I read ‘Rafina’ last year during a four-hour drive back from Lahore to Islamabad, and there was never a moment where I put it down, not even when my husband offered me his share of fries at McDonald’s where we stopped for a break. So, imagine my surprise, when thoroughly satisfied by the novel, I looked up its score on Goodreads and found it to be merely average. Ummm… what? Fellow bibliophiles, did we all read the same book?
I think there’s an inherent problem with sending review copies of certain books to young bookstagrammers that are clearly meant for an older market but more on that some other time. It saddens me because clearly one cannot be appreciate books like ‘Home Fire’ and ‘Rafina’ when you haven’t been exposed to their themes enough.

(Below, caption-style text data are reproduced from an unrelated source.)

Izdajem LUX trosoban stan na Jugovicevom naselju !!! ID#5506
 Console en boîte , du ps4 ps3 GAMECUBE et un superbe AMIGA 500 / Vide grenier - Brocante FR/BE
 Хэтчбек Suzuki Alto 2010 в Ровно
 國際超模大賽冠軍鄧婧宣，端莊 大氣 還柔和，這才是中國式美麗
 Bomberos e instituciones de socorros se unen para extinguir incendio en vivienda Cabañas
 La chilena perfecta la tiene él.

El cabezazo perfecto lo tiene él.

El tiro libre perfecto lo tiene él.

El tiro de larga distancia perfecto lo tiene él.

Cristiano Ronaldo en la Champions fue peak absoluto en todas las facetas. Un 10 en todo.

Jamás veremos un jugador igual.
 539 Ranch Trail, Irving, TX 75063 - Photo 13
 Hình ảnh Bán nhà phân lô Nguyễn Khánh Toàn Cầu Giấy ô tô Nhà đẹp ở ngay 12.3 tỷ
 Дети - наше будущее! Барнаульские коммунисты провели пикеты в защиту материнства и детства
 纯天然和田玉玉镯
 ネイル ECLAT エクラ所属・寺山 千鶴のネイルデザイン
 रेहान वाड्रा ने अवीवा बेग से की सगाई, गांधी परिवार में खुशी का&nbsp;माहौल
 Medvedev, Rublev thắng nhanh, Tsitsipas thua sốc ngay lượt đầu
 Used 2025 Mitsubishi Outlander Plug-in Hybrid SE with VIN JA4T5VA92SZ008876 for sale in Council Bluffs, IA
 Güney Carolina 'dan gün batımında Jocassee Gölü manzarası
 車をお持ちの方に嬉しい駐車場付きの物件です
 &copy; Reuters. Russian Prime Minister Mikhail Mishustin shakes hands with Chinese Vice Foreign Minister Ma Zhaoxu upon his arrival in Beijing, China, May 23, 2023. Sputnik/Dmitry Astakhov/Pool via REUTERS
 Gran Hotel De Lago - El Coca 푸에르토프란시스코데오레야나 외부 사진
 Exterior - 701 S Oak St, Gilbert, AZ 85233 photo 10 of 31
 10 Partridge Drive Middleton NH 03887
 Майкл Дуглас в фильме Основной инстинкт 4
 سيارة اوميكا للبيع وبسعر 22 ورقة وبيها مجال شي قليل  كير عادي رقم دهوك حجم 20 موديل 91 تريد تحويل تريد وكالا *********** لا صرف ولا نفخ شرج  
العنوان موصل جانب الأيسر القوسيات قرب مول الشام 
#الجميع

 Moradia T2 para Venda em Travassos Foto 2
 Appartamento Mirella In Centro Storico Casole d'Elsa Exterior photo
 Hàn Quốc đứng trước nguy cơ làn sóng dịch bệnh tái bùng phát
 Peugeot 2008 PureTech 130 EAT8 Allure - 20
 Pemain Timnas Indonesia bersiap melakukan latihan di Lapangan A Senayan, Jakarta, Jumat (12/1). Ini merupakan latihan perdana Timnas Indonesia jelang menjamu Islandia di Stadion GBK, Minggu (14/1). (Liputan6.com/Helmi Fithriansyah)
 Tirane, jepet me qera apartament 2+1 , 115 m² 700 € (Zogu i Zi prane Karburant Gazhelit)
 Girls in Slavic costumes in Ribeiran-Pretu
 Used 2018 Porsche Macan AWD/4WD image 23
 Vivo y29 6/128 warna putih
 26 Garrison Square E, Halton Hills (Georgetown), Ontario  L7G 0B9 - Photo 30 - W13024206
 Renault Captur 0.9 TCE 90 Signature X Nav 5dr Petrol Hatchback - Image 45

‘Rafina’ charts the course of the life of a young girl in present day Karachi. Set in the grinding hustle of the City of Lights, Rafina and her family are beset by adversity from the get-go. After her father’s death, Rafina’s mother, Naz, becomes the primary bread-winner, struggling to provide for her two children even as her own health deteriorates. Rafina is painted as the quicker of the two siblings, the one more likely to take an initiative in making her dreams a reality. Kunwar, on the other hand, starts to show the same sullen sense of entitlement most South Asian men will recognize. He clamors for money from his mother and sister while loafing in the streets while both women work back-breaking hours to make ends meet. Rafina quickly succeeds in landing a ‘beauty parlor’ apprenticeship with her aunt Rosie, where she hopes she’ll find a way to become the next ‘Card Girl’, a high fashion model with her face all over the billboards of Karachi.
Rafina and Karachi become intertwined as the story progresses, both showing that same gutsy attitude of every man (and woman) for themselves in the dog-eat-dog world of unemployment and economic uncertainty. Through Rafina’s eyes, Karachi becomes another character in the plot, one who is constantly in the background, fueling Rafina’s hunger for success through the rise and decline of its own many, many composite parts; from the slums of Karachi to the posh residential gated colonies.
Pakistani readers will revel in the comparisons Shandana Minhas draws to a prominent Pakistani beauty guru and her chain of acolytes in the passages about Radiance, the salon where Rafina works, and its owner, Nausheen. A fair question would be; is Nausheen modelled on Nabila? You tell me :) The cut-throat beauty industry is revealed in all its shady glory as we follow Rafina’s rise to stardom after she is ‘discovered’ by the head honchos at Radiance. Given the recent shenanigans of models and starlets on social media, one is left unsurprised at the depravity Rafina encounters, something she is initially repelled by but eventually consumed in.
Shandana Minhas has created a stellar character in Rafina, making her vividly compelling, not simply a cookie-cutter sketch of a spunky up-coming teenager Mary Sue-ing her way through the plot, but one who challenges your preconceived notions of what it means to be young and ambitious in a country like Pakistan.
Many readers took issue with the ending, noting that it seemed to abrupt and came out of nowhere. To them, I say, but you have been given an ending. If you’d really like it spelled out for you, read Sanam Mehr’s ‘The Sensational Life and Death of Qandeel Baloch’. That’s not an ending I hope for Rafina, though: I hope she kicked ass and came out triumphant.
Favorite Lines:
There was another river of life, running parallel to the one she was in; it ran deeper and faster; her eyes had told her that was the one she should be submerged in; her eyes would also tell others the same.